* [DIRECTIONS] Each entry is to be given again word for word; images are dropped.

■ ■ ■

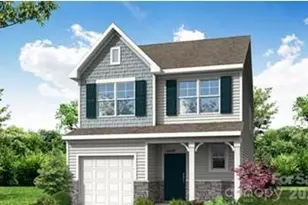 13134 Foxberry Rd, Charlotte, NC 28213 - Photo 1
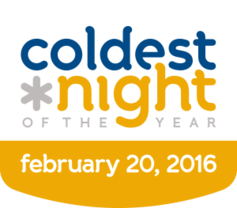 Cnoy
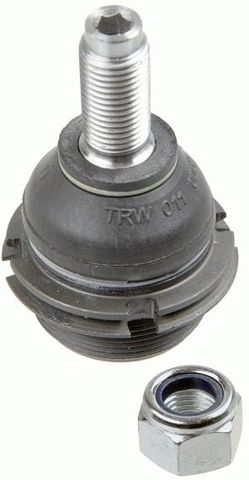 Кульові на авто 1159202 LEMFORDER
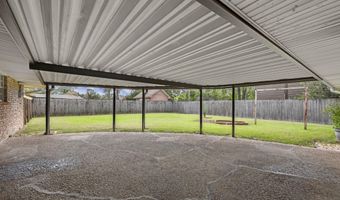 2285 San Clemente Dr, Baton Rouge, LA 70815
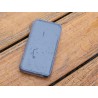 Funda impermeable para smartphone QUAD LOCK MAG Poncho - Google Pixel 8 Pro - motoscamaralweb.com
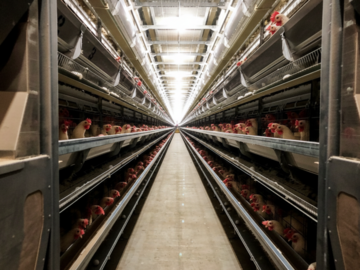 有限会社レイ-2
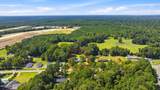 4249 Saw Mill Road - Photo 53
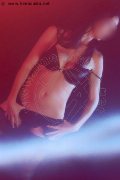 Foto Incontro Alina Ranieri Escort Rieti - 34
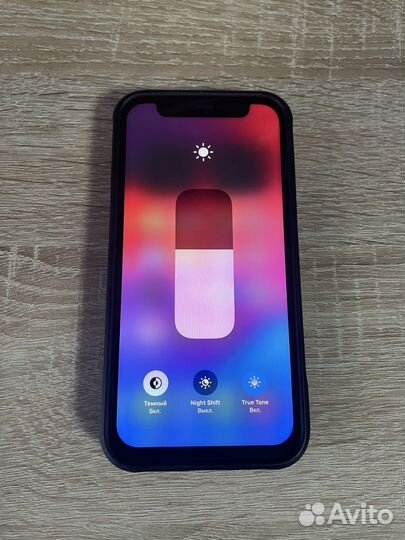 iPhone 12 mini, 64 ГБ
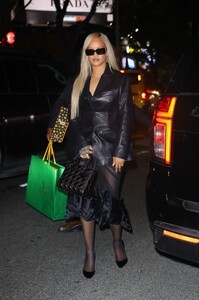 rihanna-stuns-in-black-leather-jacket-and-sheer-dress-in-new-york-05-16-2024-8.jpg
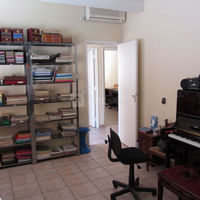 Salle Arpeggione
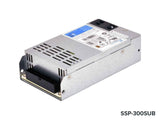 Darrahopens Electronics > Computers & Tablets > Desktops & Accessories Seasonic SSP-300SUB 300W SUB FLEX ATX POWER SUPPLY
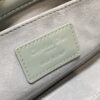 Dior Lady D-Joy Bag Medium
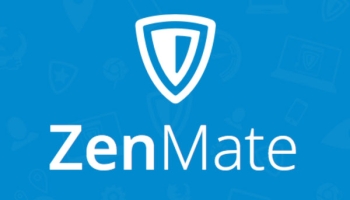 ZenMate VPN Review 2025: Does it live up to its reputation?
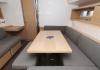 Oceanis 45 ( 3 cab.) 2017  Trogir Kroatien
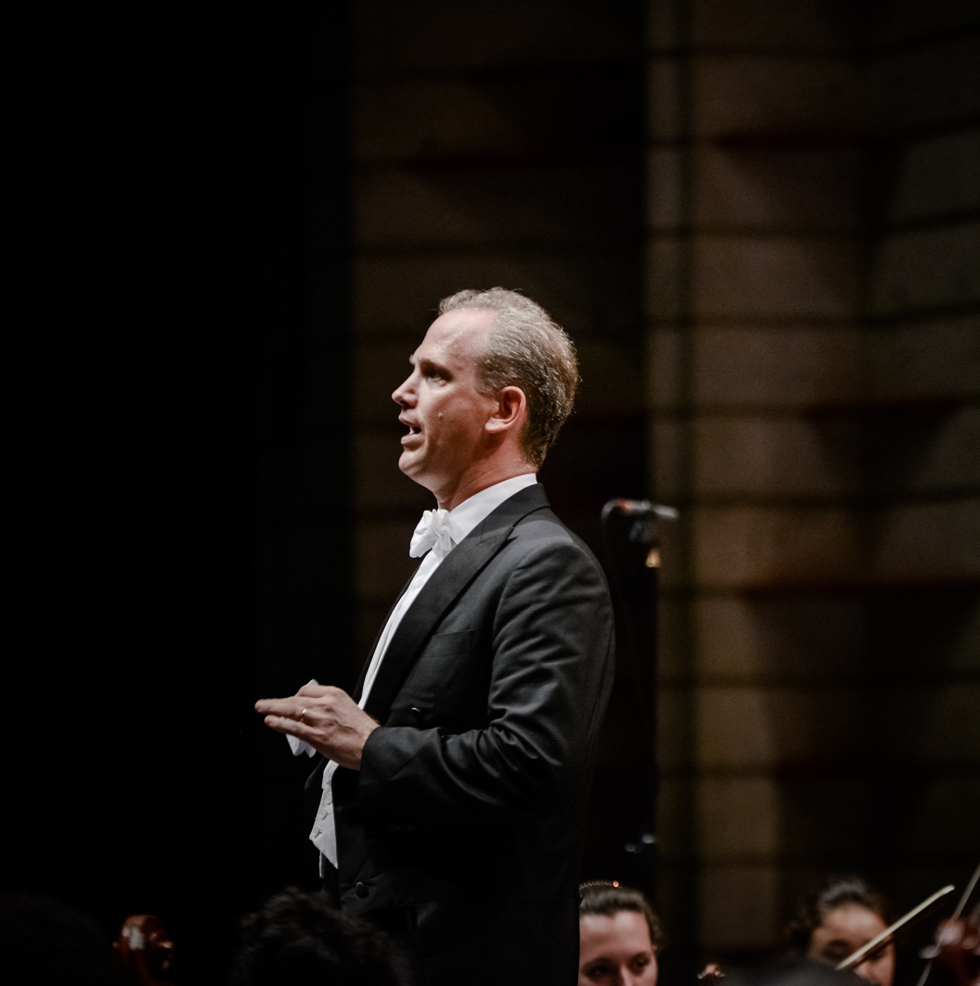 FundacionSinfonia_TeatroNacional_1542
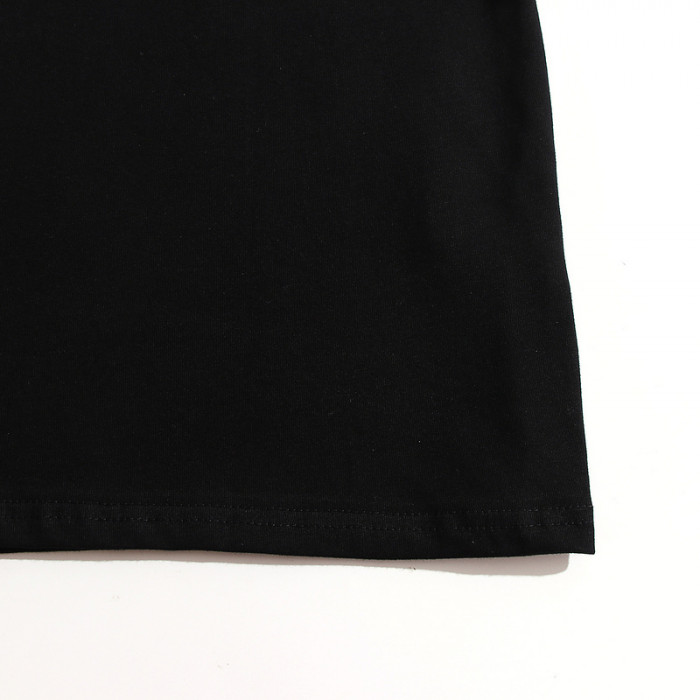 win clothes 24071301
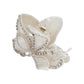 Ariella Hair Clip (White)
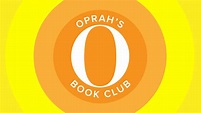 Oprahs Book Club FAQ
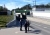 IMG-20260427-WA0009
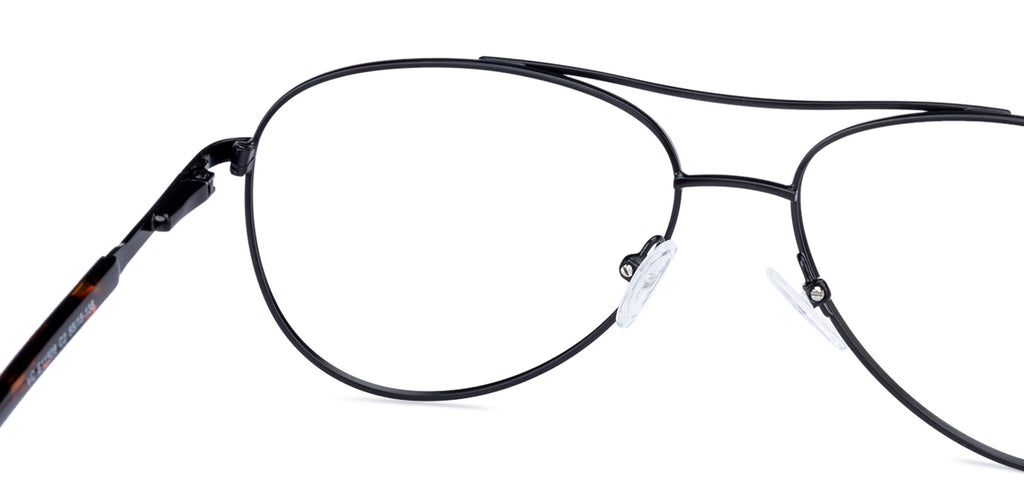 -Frame Aviator--EG -Frame Aviator--EG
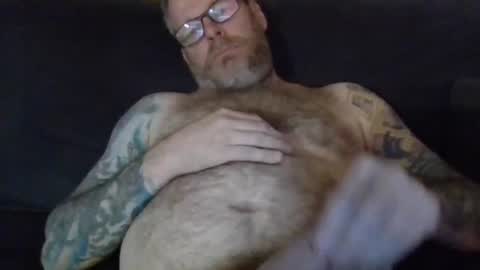 Snapshot of celtic_____ chatting on 6, 11, 2025 celtic_____ online show from 6, 11, 2025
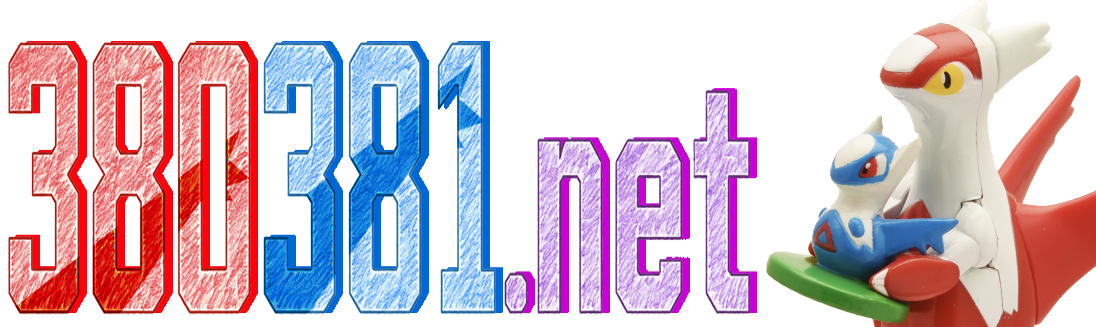 380381.net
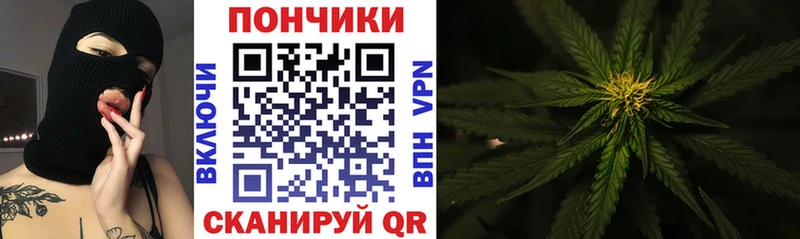blacksprut маркетплейс darknet формула Бошки Шишки конопля Собинка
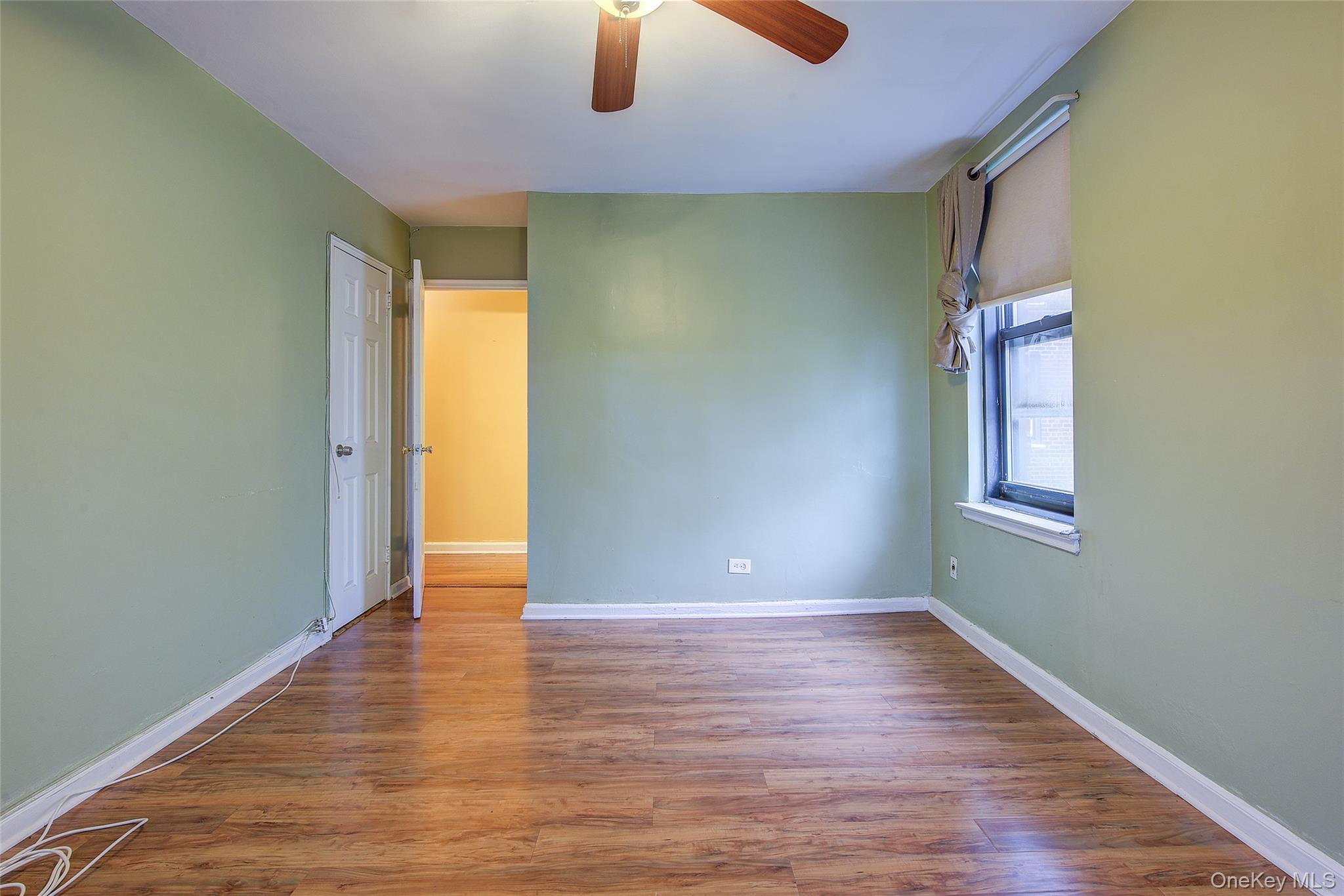 112-30 Northern Boulevard, Unit 1F photo 27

■ ■ ■

* [COMPLETED TASK]
 13134 Foxberry Rd, Charlotte, NC 28213 - Photo 1
 Cnoy
 Кульові на авто 1159202 LEMFORDER
 2285 San Clemente Dr, Baton Rouge, LA 70815
 Funda impermeable para smartphone QUAD LOCK MAG Poncho - Google Pixel 8 Pro - motoscamaralweb.com
 有限会社レイ-2
 4249 Saw Mill Road - Photo 53
 Foto Incontro Alina Ranieri Escort Rieti - 34
 iPhone 12 mini, 64 ГБ
 rihanna-stuns-in-black-leather-jacket-and-sheer-dress-in-new-york-05-16-2024-8.jpg
 Salle Arpeggione
 Darrahopens Electronics > Computers & Tablets > Desktops & Accessories Seasonic SSP-300SUB 300W SUB FLEX ATX POWER SUPPLY
 Dior Lady D-Joy Bag Medium
 ZenMate VPN Review 2025: Does it live up to its reputation?
 Oceanis 45 ( 3 cab.) 2017  Trogir Kroatien
 FundacionSinfonia_TeatroNacional_1542
 win clothes 24071301
 Ariella Hair Clip (White)
 Oprahs Book Club FAQ
 IMG-20260427-WA0009
 -Frame Aviator--EG -Frame Aviator--EG
 Snapshot of celtic_____ chatting on 6, 11, 2025 celtic_____ online show from 6, 11, 2025
 380381.net
blacksprut маркетплейс darknet формула Бошки Шишки конопля Собинка
 112-30 Northern Boulevard, Unit 1F photo 27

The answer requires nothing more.